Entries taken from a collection
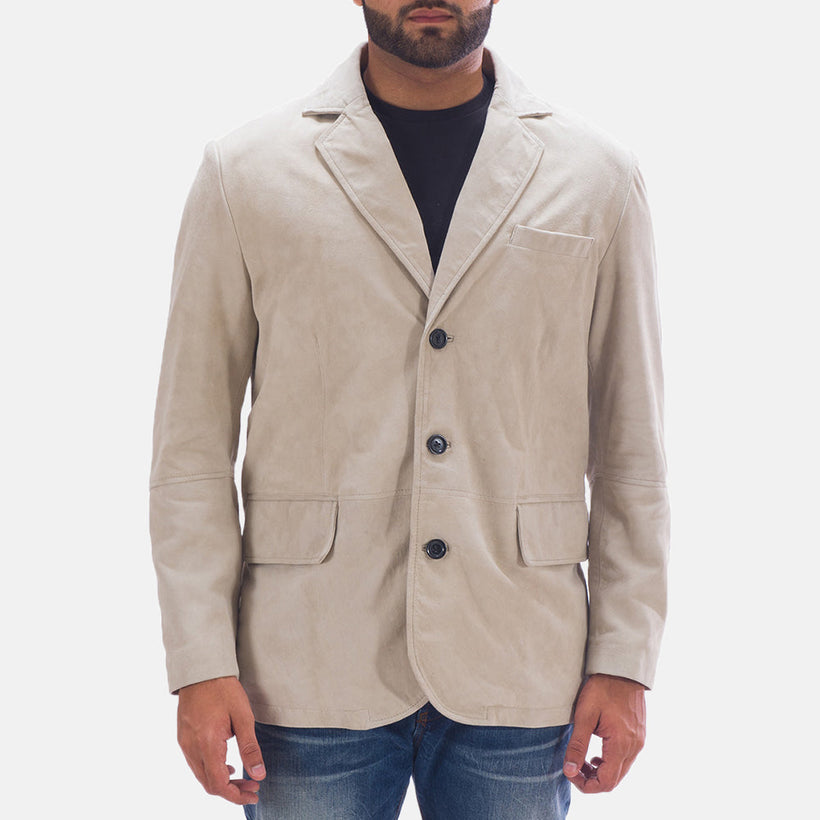 Men's Professor By Day Suede Blazer in Off White (Greyish) Goatskin Suede - Front Profile View & Tailored Silhouette | Buy Online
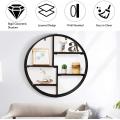 Tangkula Round Wall Shelf Wall-Mounted Circular Shelf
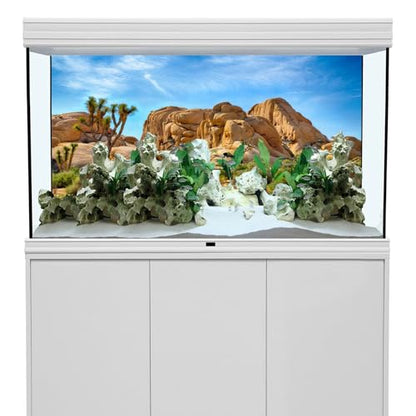 30X12 Inches Bearded Dragon Tank Background Joshua National Park Backdrop | Patterns with Desert Cactus Sandstone, suitable for Reptile Habitat Tank, Terrarium Background, Durable Polyester - size: 30 inches x 12 inches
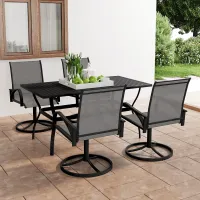 5 Piece Garden Outdoor Dining Set Suitable for Backyard, Patio Textilene and Steel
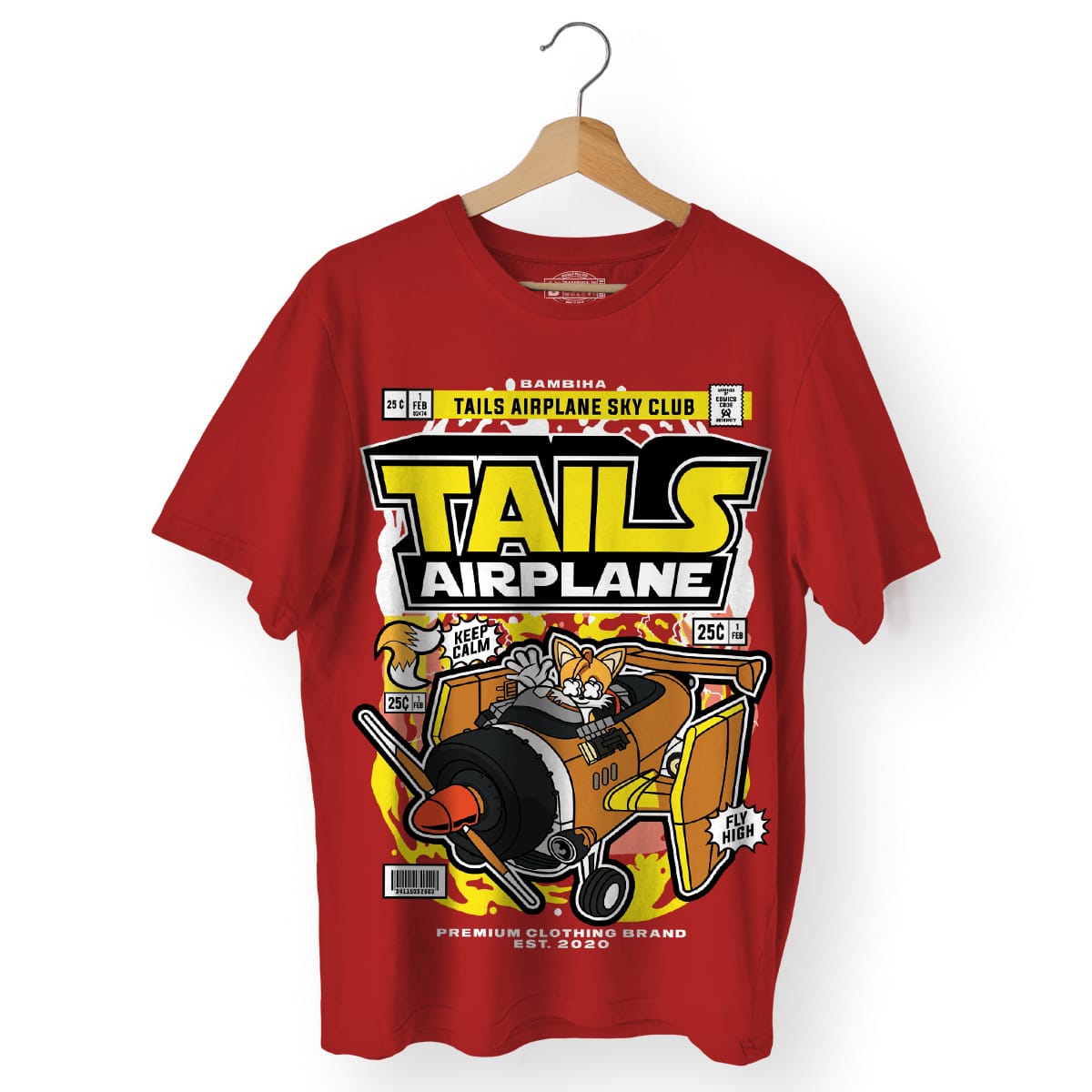 Sonic Tails Airplane Cartoon T-Shirt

## [About this exercise]
Any pictures are to be skipped, and the lines from the beginning of the entries through the line with "30X12 Inches Bearded" copied exactly.

## [Completed exercise]
 Men's Professor By Day Suede Blazer in Off White (Greyish) Goatskin Suede - Front Profile View & Tailored Silhouette | Buy Online
 Tangkula Round Wall Shelf Wall-Mounted Circular Shelf
 30X12 Inches Bearded Dragon Tank Background Joshua National Park Backdrop | Patterns with Desert Cactus Sandstone, suitable for Reptile Habitat Tank, Terrarium Background, Durable Polyester - size: 30 inches x 12 inches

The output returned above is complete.